Collected data:
───

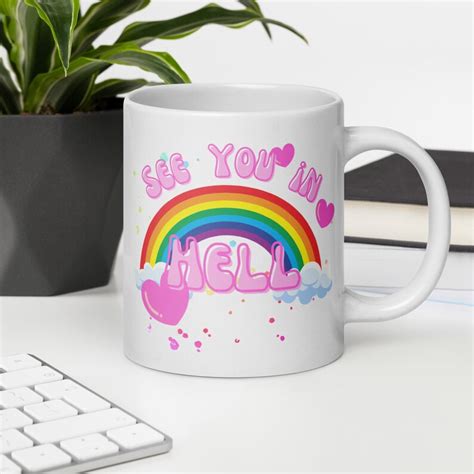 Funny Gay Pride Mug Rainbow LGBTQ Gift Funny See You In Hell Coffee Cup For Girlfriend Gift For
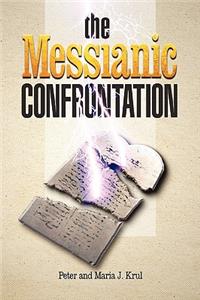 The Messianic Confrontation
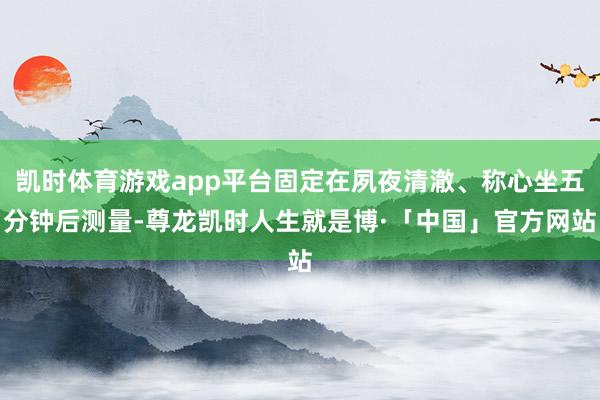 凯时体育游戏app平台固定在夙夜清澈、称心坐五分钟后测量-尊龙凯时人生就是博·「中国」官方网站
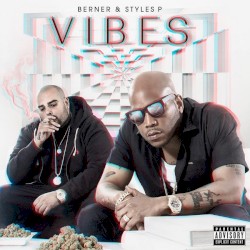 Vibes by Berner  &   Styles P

───

Every line above should be transcribed exactly, though no image should be carried over.

 Funny Gay Pride Mug Rainbow LGBTQ Gift Funny See You In Hell Coffee Cup For Girlfriend Gift For
 The Messianic Confrontation
 凯时体育游戏app平台固定在夙夜清澈、称心坐五分钟后测量-尊龙凯时人生就是博·「中国」官方网站
 Vibes by Berner  &   Styles P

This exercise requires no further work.